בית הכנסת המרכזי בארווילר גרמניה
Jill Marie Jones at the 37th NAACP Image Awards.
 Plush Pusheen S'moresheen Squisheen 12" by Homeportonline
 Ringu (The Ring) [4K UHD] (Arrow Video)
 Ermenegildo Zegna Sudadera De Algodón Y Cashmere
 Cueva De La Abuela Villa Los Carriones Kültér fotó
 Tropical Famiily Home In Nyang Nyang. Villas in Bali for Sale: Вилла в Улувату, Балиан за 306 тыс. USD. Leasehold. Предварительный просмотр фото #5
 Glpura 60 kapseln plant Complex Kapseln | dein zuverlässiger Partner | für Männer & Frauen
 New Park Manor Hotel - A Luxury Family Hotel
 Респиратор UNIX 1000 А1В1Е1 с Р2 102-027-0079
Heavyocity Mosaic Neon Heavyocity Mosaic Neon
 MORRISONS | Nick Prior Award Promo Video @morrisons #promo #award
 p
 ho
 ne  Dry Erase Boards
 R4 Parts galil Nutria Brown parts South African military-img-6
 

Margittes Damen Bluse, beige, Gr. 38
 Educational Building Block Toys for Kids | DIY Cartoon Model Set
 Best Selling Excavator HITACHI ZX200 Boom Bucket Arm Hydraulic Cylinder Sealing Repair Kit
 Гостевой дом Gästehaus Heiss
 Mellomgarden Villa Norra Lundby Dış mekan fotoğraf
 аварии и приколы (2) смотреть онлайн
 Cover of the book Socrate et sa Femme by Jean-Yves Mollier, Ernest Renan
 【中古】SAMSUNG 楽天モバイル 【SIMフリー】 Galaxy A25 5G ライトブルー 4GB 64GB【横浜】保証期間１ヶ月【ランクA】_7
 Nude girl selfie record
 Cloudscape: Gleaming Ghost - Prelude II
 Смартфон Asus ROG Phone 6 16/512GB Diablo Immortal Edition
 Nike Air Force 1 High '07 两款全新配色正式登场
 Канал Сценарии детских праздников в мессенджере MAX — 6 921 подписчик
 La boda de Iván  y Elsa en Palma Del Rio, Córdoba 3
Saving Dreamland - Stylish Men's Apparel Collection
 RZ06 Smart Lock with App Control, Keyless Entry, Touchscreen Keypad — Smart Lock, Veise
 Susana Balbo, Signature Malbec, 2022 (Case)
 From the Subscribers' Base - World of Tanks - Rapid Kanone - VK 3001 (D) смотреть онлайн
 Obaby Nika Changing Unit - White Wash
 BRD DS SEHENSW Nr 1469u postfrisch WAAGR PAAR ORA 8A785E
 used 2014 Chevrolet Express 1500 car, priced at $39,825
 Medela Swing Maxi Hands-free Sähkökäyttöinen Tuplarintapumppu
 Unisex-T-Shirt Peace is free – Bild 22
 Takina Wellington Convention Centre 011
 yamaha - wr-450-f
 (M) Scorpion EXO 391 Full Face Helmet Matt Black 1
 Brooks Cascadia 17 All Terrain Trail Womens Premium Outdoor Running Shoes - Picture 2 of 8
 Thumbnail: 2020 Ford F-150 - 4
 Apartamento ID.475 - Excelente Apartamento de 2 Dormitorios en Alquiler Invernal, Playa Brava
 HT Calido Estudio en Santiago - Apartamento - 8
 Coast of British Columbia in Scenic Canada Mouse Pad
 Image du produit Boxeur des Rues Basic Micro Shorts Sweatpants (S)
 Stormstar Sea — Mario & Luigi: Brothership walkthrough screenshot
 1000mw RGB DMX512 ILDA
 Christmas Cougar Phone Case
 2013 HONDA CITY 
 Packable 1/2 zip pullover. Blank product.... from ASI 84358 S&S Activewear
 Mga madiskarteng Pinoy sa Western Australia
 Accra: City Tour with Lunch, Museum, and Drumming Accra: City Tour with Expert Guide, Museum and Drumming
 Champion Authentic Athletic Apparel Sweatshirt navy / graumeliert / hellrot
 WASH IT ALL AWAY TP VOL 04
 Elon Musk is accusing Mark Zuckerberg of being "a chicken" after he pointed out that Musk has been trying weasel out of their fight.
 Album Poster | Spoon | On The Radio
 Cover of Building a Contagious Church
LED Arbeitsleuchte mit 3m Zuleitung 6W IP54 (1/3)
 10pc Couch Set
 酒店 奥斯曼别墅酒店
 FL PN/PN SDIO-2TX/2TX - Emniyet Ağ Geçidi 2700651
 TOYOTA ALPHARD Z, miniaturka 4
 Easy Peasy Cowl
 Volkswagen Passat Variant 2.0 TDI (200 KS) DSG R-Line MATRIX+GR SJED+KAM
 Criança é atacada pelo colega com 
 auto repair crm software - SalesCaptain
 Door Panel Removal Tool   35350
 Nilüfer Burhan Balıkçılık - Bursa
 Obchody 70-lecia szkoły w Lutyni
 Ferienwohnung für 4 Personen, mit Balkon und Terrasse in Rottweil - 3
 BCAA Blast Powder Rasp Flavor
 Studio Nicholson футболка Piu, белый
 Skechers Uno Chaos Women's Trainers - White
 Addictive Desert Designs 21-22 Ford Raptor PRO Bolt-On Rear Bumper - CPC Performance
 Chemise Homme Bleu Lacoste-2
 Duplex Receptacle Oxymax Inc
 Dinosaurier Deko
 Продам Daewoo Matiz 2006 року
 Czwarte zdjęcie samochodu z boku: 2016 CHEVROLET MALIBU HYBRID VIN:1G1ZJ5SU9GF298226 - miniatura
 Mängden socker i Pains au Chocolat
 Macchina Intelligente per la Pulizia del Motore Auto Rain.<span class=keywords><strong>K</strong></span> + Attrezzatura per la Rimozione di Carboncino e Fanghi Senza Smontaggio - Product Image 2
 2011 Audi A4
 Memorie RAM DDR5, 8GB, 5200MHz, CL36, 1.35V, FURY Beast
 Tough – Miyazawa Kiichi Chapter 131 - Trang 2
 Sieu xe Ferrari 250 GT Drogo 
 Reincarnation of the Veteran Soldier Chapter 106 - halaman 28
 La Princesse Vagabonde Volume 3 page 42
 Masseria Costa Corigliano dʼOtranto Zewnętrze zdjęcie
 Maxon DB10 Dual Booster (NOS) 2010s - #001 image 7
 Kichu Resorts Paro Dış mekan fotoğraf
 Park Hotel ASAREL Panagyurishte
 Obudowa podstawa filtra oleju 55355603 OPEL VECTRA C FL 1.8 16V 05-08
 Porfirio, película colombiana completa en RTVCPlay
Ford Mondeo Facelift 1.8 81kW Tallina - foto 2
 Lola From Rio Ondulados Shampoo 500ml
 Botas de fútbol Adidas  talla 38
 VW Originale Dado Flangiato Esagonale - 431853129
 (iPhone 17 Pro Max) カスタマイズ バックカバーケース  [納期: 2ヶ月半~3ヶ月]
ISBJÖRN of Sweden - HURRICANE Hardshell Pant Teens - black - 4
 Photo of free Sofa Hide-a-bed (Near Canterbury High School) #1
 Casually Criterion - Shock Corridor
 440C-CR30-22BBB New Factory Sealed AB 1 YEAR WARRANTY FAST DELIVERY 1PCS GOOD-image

# # # # # # #

■ **Directions**: Copy out all lines of the listing where the word "смотреть" appears.

■ **Task output**:
 аварии и приколы (2) смотреть онлайн
 From the Subscribers' Base - World of Tanks - Rapid Kanone - VK 3001 (D) смотреть онлайн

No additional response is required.